### WHAT YOU SHOULD DO
Beginning with the line containing "The Jaegal Clan’s" and ending with the line containing "S villa for", write out each line of the records below exactly; pictures and lines outside that range are left out.

### SUPPLIED ENTRIES

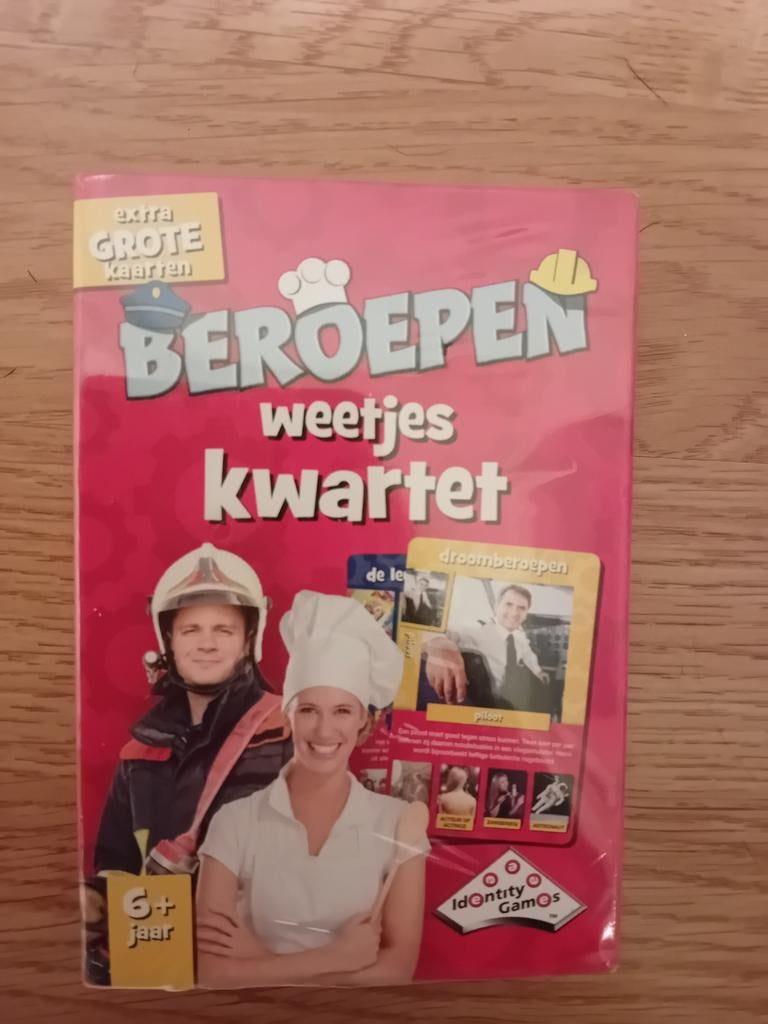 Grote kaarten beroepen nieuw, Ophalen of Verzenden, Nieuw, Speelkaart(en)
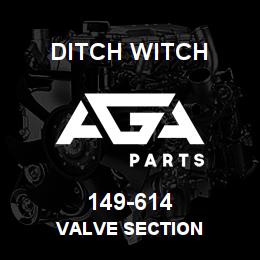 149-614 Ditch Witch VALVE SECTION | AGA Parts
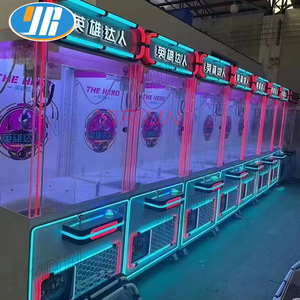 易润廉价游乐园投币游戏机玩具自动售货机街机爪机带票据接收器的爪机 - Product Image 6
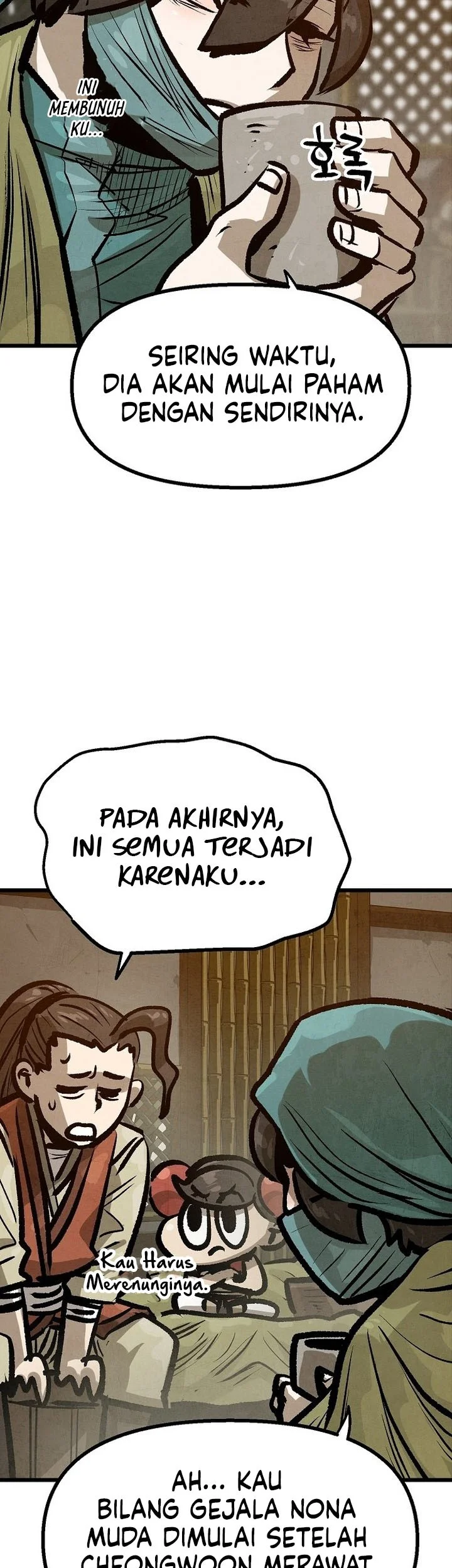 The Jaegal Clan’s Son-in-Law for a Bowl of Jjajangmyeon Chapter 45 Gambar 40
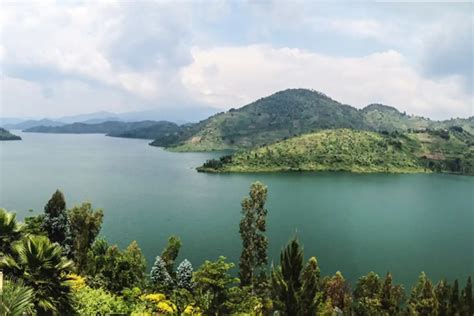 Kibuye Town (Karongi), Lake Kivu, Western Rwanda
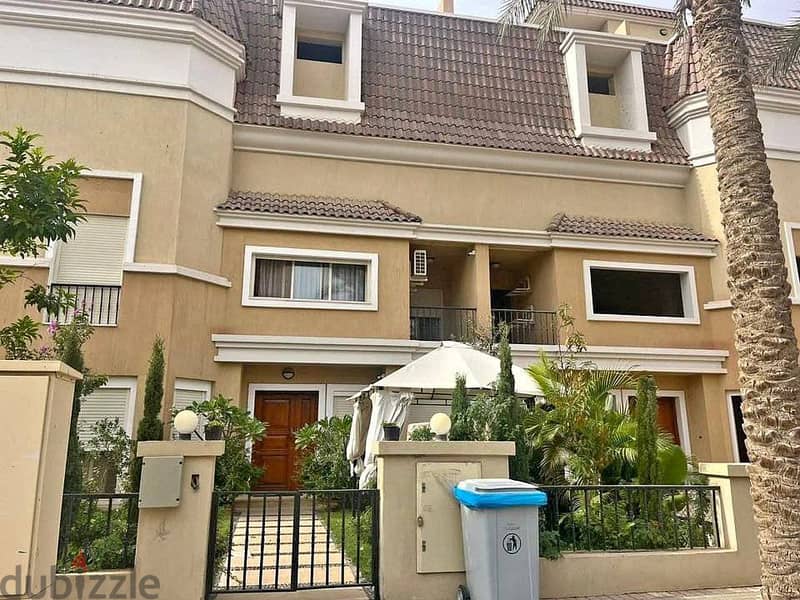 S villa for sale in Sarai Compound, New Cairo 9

---

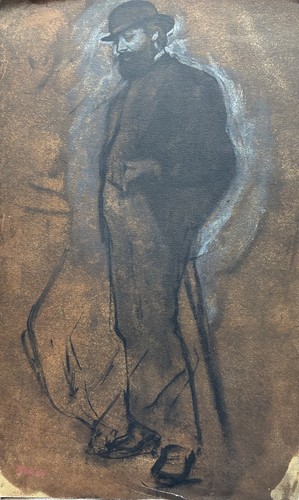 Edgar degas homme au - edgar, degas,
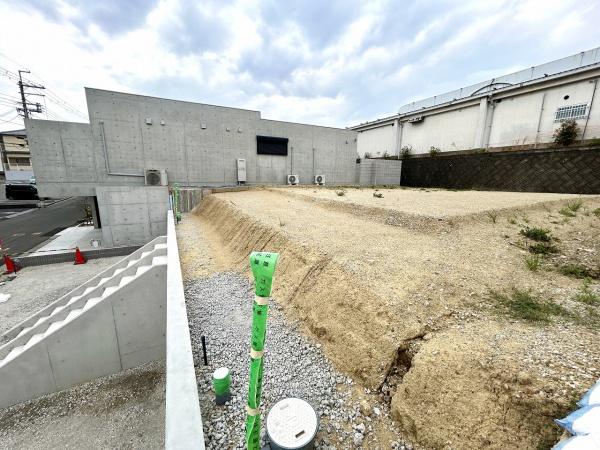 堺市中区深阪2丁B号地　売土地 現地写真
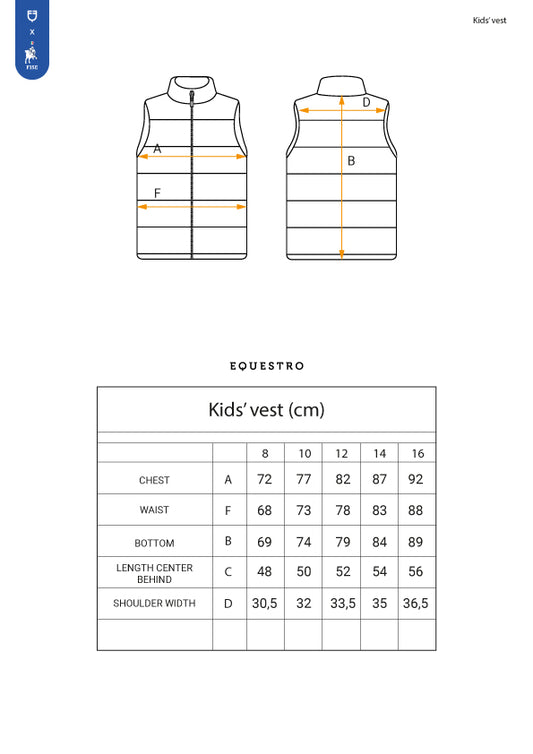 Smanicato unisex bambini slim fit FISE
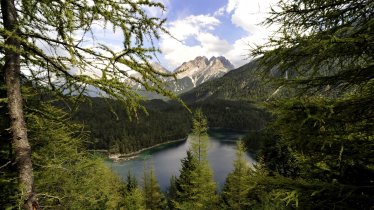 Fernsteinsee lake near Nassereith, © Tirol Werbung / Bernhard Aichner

### YOUR RESPONSE
 The Jaegal Clan’s Son-in-Law for a Bowl of Jjajangmyeon Chapter 45 Gambar 40
 Kibuye Town (Karongi), Lake Kivu, Western Rwanda
 S villa for sale in Sarai Compound, New Cairo 9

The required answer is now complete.